Le rapport signale « Dans les deux groupes, les bactéries impliquées étaient semblables avec plus de 75% d’infections dues aux staphylocoques dorés ou epidermitis ».

 

Aller vers un milieu chirurgical plus homogène

« Indépendamment de tout ça, il est possible que le taux d’infections reste malgré tout élevé qu’il s’agisse ou non d’implants neufs ou réutilisés, compte tenu des patients, de l’environnement opératoire, des critères de soins » remarque T. C. Khairy.

 

Le taux d’infections dans le groupe étudié pourrait être minoré par un milieu chirurgical plus homogène. A cet effet, le centre de reconditionnement de Montréal et les sites d’implantations travaillent ensembles à la mise en place de protocoles dédiés aux antibiotiques, aux techniques chirurgicales, aux soins péri-opératoires.

 

« Nous n’avons pas mis en évidence de différence statistique, c’est rassurant.
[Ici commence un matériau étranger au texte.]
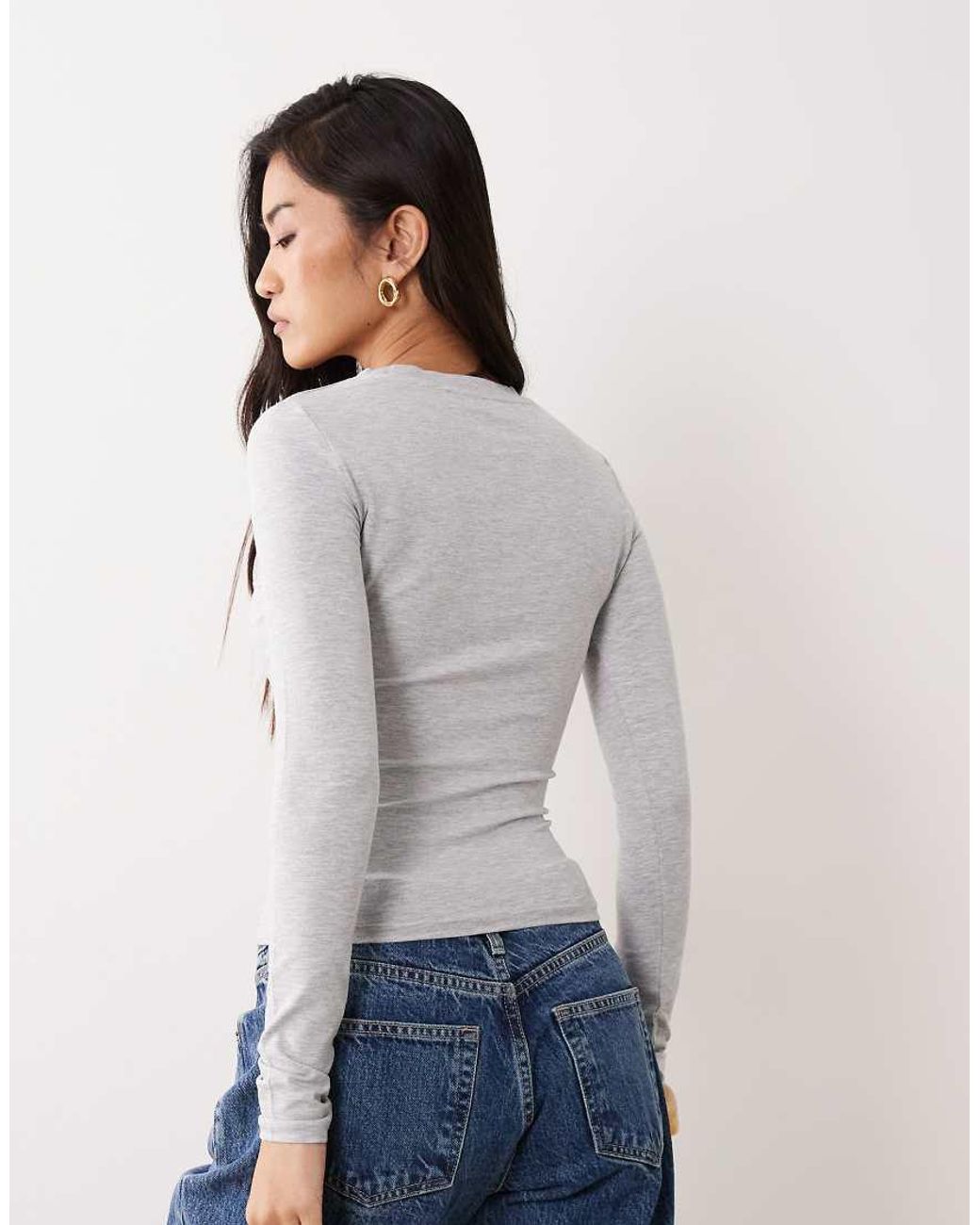 Cotton On Blue Long Sleeve Crew Top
Avec des conditions meilleures dans les différents centres, la différence aurait même pu être moindre » T. F. Khairy.

 

T. C. Crawford poursuit néanmoins : la question importante est de savoir si le taux d’infections est effectivement ou non en rapport avec le matériel réimplanté.

 

« Dans un milieu où la population est moins bien prise en charge, l’utilisation d’un implant neuf ne résout pas les problèmes liés à l’environnement : accessibilité rapide aux soins, laboratoires, suivi post opératoire. Ce n’est pas simplement une question de bactéries au niveau de l’implant ».